いずれも中心の大日如来を囲むように様々な仏や菩薩などが描かれている。……が、下の展示風景の写真を見て分かるとおり、褪色が激しい。それでも、4m四方の大きさの実物を目の前にすると、とてもありがたい気持ちになる。

「何が描かれているかハッキリとわからないんでしょ?」という人も安心してほしい。この高雄曼荼羅は、密教の修行に不可欠なものということで、後世に何度も模本(複製)が作られている。その中で、江戸時代に作られた神護寺蔵の《両界曼荼羅》も、2幅が並んで展示されている。国宝の原本と同空間で見ることで、より理解が深められるだろう。

江戸時代の1795年に模写された胎蔵界曼荼羅と、1794年に模写された金剛界曼荼羅が並ぶ、《両界曼荼羅》

さて、真言宗をひらいた空海と、天台宗の開祖である最澄が、804年の同時期に中国・唐へ留学へ行ったことで、よく知られる。2人は唐の別の場所で仏教を学ぶが、空海が密教を修めたのに対して、最澄は天台宗に加えて密教の一部を学んできた。

翌805年に一足先に帰国した最澄は、密教の灌頂(かんじょう)を高雄山寺で行なった。灌頂とは密教の大切な儀式だが、一般的にこの時の灌頂は、のちに空海が行なう灌頂に比べて、十分なものではなかったとされている。

そして空海は806年に帰国し、高雄山寺に入る。
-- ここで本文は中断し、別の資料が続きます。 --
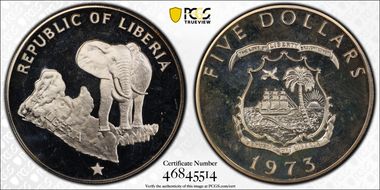 1973 $5 Elephant PR67DCAM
810年には当時の嵯峨天皇の許しを得て真言宗を立教開宗。さらに812年には、同じ高雄山寺で、日本初となる金剛界と胎蔵界の両部の灌頂を行なう。この時の灌頂に際して、空海が記した灌頂受法者の名をメモしたものが《灌頂暦名(かんじょうれきみょう)》。名簿の筆頭には、最澄の名前が記されている。

《灌頂暦名》はメモ書きということで、正直、字が雑に感じる。だが、弘法大師=空海は「弘法筆を選ばず」といわれる通り、能書家として、嵯峨天皇や橘逸勢とともに「三筆」の一人に数えられている。そちらの片鱗が感じられる、国宝《金剛般若経開題残巻》(前期展示)や《風信帖》(後期展示)も、同展で見られる。そのほか、最澄の真筆が見られるのも見どころの1つだ。

国宝《灌頂暦名》は、平安時代の弘仁3年(812)に記された灌頂受法者の名簿。京都・神護寺蔵。展示期間:8月25日まで
国宝《金剛般若経開題残巻》は、9世紀の平安時代に空海が記した解説書。奈良国立博物館蔵。展示期間:8月12日まで

初めて寺の外に出る国宝指定の仏像 仏像ファンも必見!

空海が806年から拠点としていた高雄山寺が、官寺である神願寺と併合され、寺名を神護寺と改めたのは、天長元年(824年)のこと。神護寺と呼ばれているが、正式には神護国祚真言寺。

その合併前の神願寺または高雄山寺から引き継がれ、神護寺の本尊とされたと考えられているのが、国宝の《薬師如来立像》。今展チラシには「日本彫刻史上の最高傑作」と記されている。

《薬師如来立像》が、寺の外に出るのは、少なくとも神護寺が創建されてからは初めてのことだという。それだけでも貴重な機会といえるが、展示室では、正面だけでなく通常では見られない、像の横からも見られるのが特筆点だ。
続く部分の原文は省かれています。